To write down a data generative model, let’s assume players accumulate assists \(y\) at some per-minute rate, \(\theta\). We will further assume that the expected number of assists by a player in a given game is then \(\theta x\) where \(x\) is the number of minutes played.
Given \(y\) takes integer values \(\{0, 1, 2, \ldots \}\), a Poisson distribution might make sense. If \(Y | \lambda\) is Poisson\((\lambda)\), then
\[ p(y |\lambda) = \frac{(\lambda)^y e^{-\lambda}}{y!} \]
Here, \(\lambda = \theta x\).
Assuming this conditionally independent model for generating \(y\)s, we write the likelihood,
\[ p(y_1,\ldots y_n | \theta) = \prod_{i = 1}^n \frac{(\theta x_i)^{y_i} e^{-\theta x_i}}{y_i!} \]
What assumptions are we making about assists in the data generative model above?
\[ \begin{aligned} \theta &\sim gamma(a, b)\\ p(\theta | a, b) &= \frac{b^{a}}{\Gamma(a)} \theta^{a - 1} e^{-b \theta} \end{aligned} \] ### Compute the posterior
Compute the posterior.
\[ \begin{aligned} \theta | y_1,\ldots y_n &\sim gamma(\alpha, \beta)\\ \alpha &= a + \sum_{i=1}^n y_i\\ \beta &= b + \sum_{i=1}^n x_i \end{aligned} \]
Hint: we have conjugacy. You can see this if you view the likelihood and the prior each as a function of \(\theta\), the kernel of each has the same functional form.
Follow-up:
Given our prior of \(a = 9, b = 3\), \(E[\theta | y_1,\ldots, y_n] =\) 0.1194
Definition: a sufficient statistic is a function of the data \((y_1,\ldots y_n\)) that is sufficient to make inference about unknown parameters (\(\theta\)).
If density \(p(y|\theta)\) can be written \(h(y) c(\phi) e^{\phi t(y)}\) for some transform \(\phi = f(\theta)\) we can say \(p(y|\theta)\) belongs in the exponential family.
\(t(y)\) is referred to as the sufficient statistic.
If \(p(y|\theta)\) belongs in the exponential family, then the conjugate prior is \[ p(\phi | n_0, t_0) = \kappa(n_0, t_0)c(\phi)^{n_0} e^{n_0 t_0 \phi}, \] where \(\kappa(n_0, t_0)\) is a normalizing constant.
the conjugate prior is given over \(\phi\) and we’d have to transform back if we care about \(p(\theta)\).
\(n_0\) is interpreted as the prior sample size and \(t_0\) is the prior guess.
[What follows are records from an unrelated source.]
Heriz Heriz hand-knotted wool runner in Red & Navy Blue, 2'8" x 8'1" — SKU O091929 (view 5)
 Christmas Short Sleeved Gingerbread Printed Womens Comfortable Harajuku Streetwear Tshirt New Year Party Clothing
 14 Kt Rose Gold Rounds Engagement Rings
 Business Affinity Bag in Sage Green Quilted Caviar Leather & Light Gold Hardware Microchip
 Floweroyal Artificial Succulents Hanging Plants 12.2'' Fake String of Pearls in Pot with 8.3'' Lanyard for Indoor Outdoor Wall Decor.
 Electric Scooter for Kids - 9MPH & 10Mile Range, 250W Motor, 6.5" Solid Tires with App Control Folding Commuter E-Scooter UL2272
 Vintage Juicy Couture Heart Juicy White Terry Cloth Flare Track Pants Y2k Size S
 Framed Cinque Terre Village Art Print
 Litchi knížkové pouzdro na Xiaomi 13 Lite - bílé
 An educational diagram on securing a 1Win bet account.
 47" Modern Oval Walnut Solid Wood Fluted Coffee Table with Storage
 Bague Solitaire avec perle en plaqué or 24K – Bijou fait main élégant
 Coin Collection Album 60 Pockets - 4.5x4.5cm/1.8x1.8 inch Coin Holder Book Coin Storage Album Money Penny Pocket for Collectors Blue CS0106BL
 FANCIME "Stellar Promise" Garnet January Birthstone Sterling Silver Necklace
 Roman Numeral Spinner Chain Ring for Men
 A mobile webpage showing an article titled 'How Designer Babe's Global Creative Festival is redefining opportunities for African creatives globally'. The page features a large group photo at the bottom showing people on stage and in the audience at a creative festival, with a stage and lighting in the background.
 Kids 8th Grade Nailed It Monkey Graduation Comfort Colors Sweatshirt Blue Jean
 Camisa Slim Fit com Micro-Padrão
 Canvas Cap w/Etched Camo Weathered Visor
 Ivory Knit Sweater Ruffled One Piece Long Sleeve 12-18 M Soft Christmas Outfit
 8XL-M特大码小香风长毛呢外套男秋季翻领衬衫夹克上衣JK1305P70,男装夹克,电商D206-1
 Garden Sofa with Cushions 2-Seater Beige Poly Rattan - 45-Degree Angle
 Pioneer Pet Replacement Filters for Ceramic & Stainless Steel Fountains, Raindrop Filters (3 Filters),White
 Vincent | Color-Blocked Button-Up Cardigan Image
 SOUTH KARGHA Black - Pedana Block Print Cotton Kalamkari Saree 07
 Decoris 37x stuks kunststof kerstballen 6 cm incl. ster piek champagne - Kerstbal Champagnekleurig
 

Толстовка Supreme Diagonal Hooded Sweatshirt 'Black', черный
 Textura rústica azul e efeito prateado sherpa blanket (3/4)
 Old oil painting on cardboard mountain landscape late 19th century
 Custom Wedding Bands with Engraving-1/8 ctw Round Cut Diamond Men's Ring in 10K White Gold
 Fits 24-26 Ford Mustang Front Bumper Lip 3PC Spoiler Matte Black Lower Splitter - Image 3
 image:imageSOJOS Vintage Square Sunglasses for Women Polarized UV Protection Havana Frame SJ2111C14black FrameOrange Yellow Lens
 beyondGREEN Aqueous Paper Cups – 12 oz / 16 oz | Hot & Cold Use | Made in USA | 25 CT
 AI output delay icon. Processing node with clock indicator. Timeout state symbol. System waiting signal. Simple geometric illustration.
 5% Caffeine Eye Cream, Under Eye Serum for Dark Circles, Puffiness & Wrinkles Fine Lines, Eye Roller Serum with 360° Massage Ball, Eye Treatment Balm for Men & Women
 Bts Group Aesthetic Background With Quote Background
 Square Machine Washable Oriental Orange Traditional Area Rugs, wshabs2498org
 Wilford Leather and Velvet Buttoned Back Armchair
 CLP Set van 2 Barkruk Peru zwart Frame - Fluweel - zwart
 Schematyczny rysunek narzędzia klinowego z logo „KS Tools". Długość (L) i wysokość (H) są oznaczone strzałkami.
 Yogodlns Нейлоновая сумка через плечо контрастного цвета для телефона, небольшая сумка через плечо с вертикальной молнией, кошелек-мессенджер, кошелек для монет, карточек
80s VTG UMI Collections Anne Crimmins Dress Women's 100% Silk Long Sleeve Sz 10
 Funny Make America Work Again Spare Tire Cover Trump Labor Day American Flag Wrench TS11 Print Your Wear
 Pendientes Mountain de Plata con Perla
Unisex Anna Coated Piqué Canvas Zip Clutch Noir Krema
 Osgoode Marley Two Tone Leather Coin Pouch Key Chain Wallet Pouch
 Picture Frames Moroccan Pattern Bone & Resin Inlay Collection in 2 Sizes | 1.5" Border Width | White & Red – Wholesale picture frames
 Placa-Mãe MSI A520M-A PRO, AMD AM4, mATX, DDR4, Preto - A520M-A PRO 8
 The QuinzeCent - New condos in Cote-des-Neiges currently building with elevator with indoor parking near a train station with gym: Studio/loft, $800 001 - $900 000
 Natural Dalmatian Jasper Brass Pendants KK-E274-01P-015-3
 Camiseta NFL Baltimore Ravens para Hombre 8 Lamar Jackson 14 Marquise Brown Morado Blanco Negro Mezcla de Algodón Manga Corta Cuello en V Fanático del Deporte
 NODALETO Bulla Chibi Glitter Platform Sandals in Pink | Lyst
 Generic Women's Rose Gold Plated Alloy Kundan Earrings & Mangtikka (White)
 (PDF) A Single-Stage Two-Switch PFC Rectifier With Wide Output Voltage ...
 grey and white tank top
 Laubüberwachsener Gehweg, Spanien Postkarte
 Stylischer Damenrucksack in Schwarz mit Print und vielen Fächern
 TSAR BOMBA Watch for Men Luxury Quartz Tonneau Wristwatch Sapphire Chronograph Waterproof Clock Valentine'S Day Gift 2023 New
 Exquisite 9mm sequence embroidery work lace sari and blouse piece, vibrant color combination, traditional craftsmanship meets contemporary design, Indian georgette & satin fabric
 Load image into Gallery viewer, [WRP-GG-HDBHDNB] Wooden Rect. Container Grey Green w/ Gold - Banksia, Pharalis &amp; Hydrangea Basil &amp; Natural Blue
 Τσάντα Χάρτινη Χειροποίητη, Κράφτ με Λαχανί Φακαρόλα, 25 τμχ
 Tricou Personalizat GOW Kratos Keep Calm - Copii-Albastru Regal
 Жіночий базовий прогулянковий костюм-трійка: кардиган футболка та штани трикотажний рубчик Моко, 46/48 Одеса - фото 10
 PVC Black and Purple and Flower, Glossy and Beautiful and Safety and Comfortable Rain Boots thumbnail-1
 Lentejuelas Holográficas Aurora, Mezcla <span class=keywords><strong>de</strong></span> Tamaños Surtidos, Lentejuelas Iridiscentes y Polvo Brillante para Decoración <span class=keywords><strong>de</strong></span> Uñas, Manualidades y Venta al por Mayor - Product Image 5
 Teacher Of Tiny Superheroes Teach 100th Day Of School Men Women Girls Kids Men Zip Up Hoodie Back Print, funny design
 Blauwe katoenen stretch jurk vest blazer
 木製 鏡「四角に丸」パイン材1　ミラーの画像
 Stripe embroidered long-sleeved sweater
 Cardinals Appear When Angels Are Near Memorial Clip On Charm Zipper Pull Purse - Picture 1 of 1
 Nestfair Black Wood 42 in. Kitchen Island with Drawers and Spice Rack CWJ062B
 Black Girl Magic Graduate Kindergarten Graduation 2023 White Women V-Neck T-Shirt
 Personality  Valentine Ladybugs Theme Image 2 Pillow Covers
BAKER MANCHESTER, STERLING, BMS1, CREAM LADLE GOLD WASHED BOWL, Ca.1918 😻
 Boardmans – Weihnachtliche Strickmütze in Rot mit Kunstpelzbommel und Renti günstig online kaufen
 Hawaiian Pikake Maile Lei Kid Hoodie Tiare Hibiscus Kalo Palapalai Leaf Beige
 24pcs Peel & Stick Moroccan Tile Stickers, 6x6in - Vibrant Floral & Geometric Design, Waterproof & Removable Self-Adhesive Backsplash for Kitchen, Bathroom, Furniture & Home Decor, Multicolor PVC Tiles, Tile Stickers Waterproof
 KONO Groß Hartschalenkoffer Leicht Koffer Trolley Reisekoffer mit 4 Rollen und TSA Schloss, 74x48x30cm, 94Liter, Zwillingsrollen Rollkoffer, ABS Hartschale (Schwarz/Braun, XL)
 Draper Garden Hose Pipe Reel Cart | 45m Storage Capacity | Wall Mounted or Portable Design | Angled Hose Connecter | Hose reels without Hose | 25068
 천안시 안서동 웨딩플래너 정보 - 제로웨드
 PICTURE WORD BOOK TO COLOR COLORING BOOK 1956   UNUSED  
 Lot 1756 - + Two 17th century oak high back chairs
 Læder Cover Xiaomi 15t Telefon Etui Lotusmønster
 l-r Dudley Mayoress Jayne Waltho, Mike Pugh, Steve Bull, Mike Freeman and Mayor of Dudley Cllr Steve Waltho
The resulting posterior is
\[ p(\phi | y_1,\ldots y_n) \propto p \left(\phi | n_0 + n, \frac{n_0 t_0 + n \sum t(y_i)/n}{n_0 + n}\right) \] In words, one can show that the kernel of the posterior of \(\phi\) is proportional to the kernel of the prior of \(\phi\) with specific parameters. Thereby, we have conjugacy.